Whatever lies between the line with "Pre-owned Lafayette 148" and the end of the data, both included, must be copied exactly and without pictures.

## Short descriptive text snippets

■ ■ ■ ■

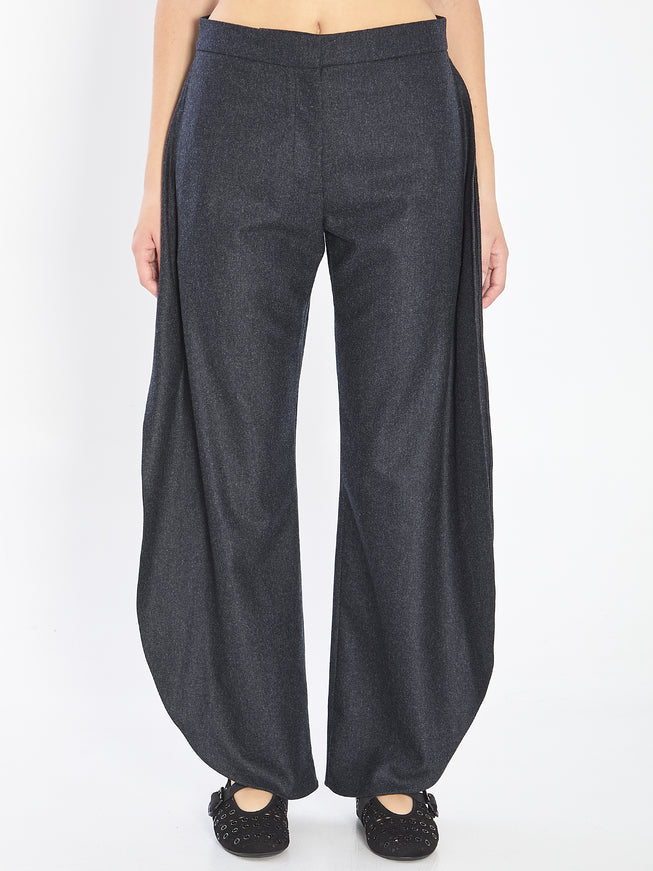 Alaia Petal Trousers In Wool Flannel Grey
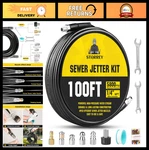 High-pressure Sewer Jetter Kit 100FT Drain Cleaning Hose & Nozzles, 5800PSI. Fixed Price $101.69.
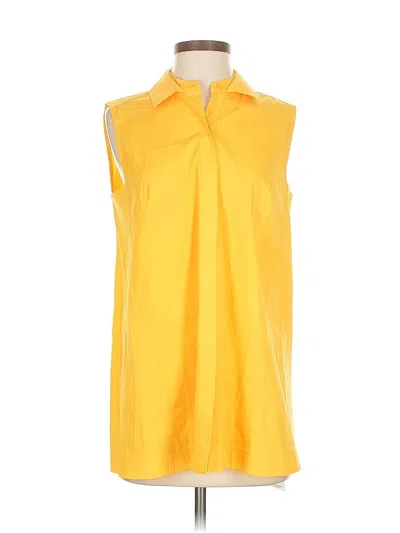 Pre-owned Lafayette 148 Sleeveless Button Down Shirt In Yellow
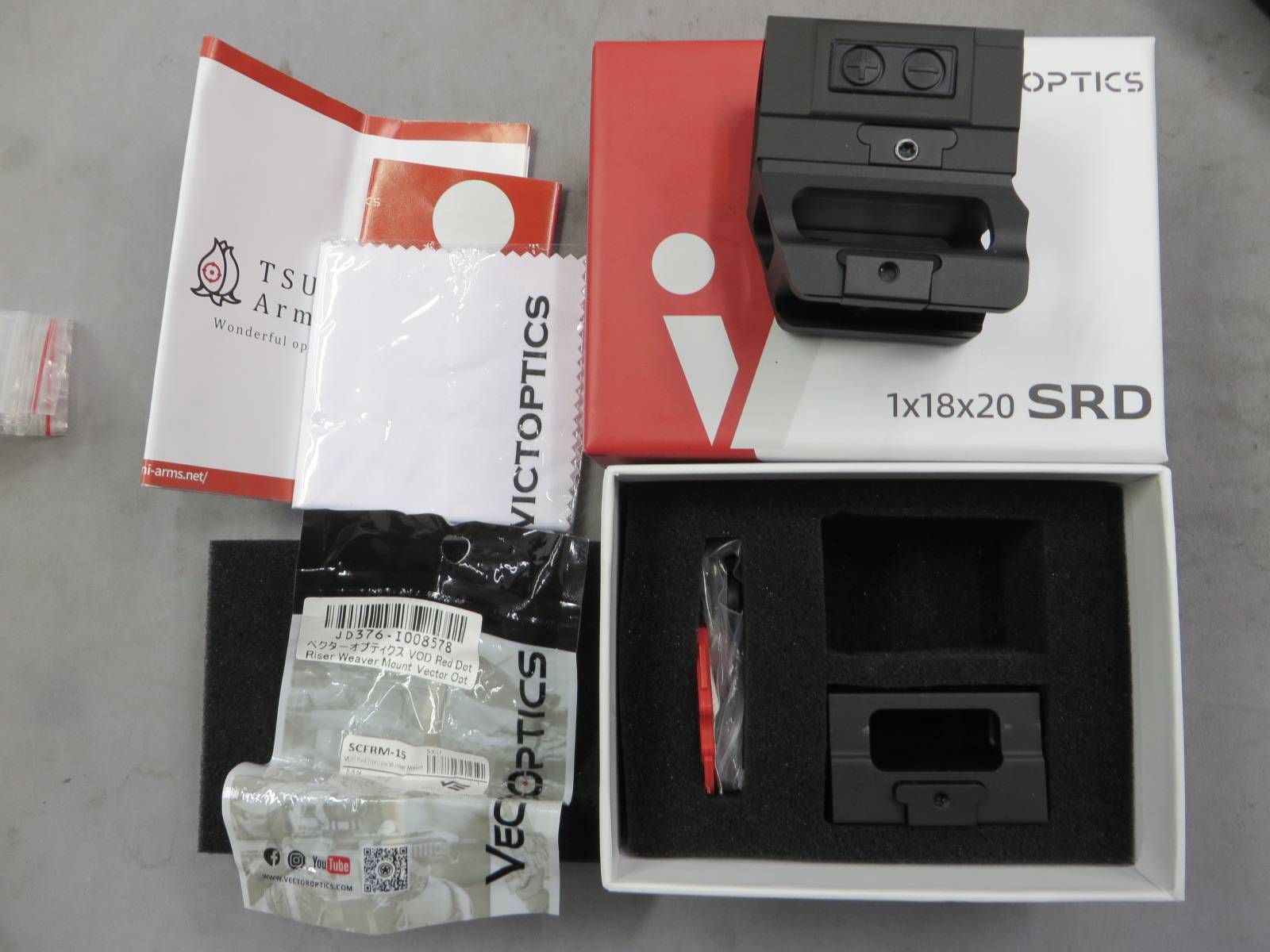 【Vector Optics】VICTOPTICS 1×18×20 SRD+ライザーウィーバーマウント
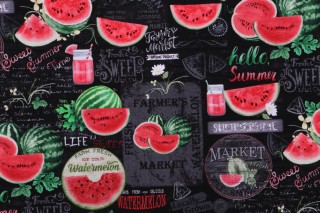 Timeless Treasures Watermelon Chalkboard Printed Cotton Craft Fabric in Black 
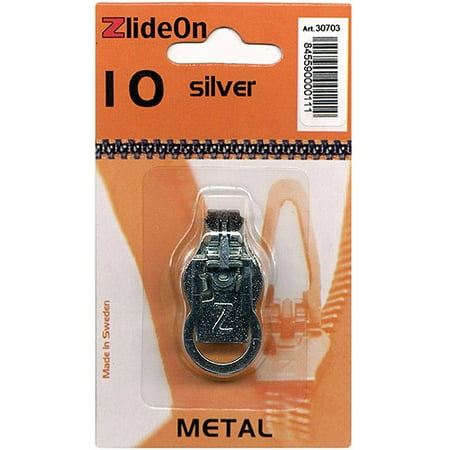 Fix-A-Zipper Metal 10 ZlideOn Zipper Pull Replacements, Silver Multi-Colored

■ ■ ■ ■

## Written answer
 Pre-owned Lafayette 148 Sleeveless Button Down Shirt In Yellow
 【Vector Optics】VICTOPTICS 1×18×20 SRD+ライザーウィーバーマウント
 Timeless Treasures Watermelon Chalkboard Printed Cotton Craft Fabric in Black 
 Fix-A-Zipper Metal 10 ZlideOn Zipper Pull Replacements, Silver Multi-Colored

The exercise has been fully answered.